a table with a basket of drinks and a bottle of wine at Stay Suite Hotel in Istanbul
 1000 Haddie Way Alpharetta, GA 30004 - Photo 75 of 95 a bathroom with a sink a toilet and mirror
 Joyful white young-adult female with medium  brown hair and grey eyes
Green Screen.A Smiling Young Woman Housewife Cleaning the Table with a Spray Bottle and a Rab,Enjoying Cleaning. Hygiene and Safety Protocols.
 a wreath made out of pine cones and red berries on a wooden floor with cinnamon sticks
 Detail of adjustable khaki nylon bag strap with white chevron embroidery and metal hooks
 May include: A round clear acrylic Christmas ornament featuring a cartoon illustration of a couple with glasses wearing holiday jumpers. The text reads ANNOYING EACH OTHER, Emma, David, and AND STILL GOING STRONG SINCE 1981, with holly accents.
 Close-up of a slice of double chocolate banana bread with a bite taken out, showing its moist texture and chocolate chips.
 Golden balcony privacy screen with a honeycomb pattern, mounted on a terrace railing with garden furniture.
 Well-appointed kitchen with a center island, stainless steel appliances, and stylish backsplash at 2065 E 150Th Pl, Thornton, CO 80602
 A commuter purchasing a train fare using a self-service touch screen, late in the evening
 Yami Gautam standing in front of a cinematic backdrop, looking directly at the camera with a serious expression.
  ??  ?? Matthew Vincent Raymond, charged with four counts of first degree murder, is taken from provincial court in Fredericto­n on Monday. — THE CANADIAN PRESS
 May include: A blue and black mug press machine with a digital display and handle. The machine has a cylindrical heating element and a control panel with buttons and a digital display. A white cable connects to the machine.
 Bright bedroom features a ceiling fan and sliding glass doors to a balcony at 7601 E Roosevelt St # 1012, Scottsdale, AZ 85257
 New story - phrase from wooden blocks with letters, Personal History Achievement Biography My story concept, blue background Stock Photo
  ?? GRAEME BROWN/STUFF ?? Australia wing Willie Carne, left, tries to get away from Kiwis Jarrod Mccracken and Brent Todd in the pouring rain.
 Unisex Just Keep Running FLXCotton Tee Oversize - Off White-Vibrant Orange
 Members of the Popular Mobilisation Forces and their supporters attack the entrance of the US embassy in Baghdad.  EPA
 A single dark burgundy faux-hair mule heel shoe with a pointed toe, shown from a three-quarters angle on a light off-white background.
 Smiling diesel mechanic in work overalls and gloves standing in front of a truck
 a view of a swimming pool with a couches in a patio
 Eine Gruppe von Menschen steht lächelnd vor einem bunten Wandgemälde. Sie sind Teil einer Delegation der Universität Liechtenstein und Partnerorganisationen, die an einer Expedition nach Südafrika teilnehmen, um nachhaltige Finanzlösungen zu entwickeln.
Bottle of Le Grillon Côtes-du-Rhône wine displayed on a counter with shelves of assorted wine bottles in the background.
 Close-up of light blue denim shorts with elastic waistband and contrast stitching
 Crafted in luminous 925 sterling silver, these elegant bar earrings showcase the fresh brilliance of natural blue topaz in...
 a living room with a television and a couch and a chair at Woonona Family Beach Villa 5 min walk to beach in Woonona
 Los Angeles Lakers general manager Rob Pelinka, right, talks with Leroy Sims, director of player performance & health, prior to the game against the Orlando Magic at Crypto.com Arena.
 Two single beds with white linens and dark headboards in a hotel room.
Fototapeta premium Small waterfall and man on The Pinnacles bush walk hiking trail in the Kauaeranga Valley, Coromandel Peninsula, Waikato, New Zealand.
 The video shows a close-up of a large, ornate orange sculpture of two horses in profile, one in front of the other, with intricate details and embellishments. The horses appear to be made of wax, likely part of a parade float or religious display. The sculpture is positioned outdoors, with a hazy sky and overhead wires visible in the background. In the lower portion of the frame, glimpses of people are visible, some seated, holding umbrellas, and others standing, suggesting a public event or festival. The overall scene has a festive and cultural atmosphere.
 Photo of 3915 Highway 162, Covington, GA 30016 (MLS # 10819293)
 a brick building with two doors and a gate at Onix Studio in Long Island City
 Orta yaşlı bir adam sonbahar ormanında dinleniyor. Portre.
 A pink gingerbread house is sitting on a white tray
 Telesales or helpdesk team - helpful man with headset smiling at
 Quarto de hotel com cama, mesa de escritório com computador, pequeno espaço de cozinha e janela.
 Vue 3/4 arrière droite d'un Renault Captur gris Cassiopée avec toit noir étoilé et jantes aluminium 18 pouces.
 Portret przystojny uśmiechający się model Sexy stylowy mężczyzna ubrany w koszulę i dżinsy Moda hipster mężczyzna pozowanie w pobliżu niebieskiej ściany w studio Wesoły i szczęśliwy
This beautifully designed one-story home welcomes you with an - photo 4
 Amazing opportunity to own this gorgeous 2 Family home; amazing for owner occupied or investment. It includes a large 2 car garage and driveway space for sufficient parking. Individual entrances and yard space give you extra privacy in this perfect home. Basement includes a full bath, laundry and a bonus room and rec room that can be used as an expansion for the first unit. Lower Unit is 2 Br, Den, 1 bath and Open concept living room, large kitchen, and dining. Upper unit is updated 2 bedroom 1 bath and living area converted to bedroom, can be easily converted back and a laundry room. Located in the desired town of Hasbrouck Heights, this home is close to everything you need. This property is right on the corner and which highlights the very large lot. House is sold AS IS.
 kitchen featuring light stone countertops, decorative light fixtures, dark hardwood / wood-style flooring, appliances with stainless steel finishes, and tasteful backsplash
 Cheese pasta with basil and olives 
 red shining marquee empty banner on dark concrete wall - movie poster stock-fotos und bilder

--

▸ Brief: Nothing before the line holding "Cheese pasta with basil and olives" belongs in the answer. Repeat that line and the rest of the listing exactly.

▸ Reply to the task:
 Cheese pasta with basil and olives 
 red shining marquee empty banner on dark concrete wall - movie poster stock-fotos und bilder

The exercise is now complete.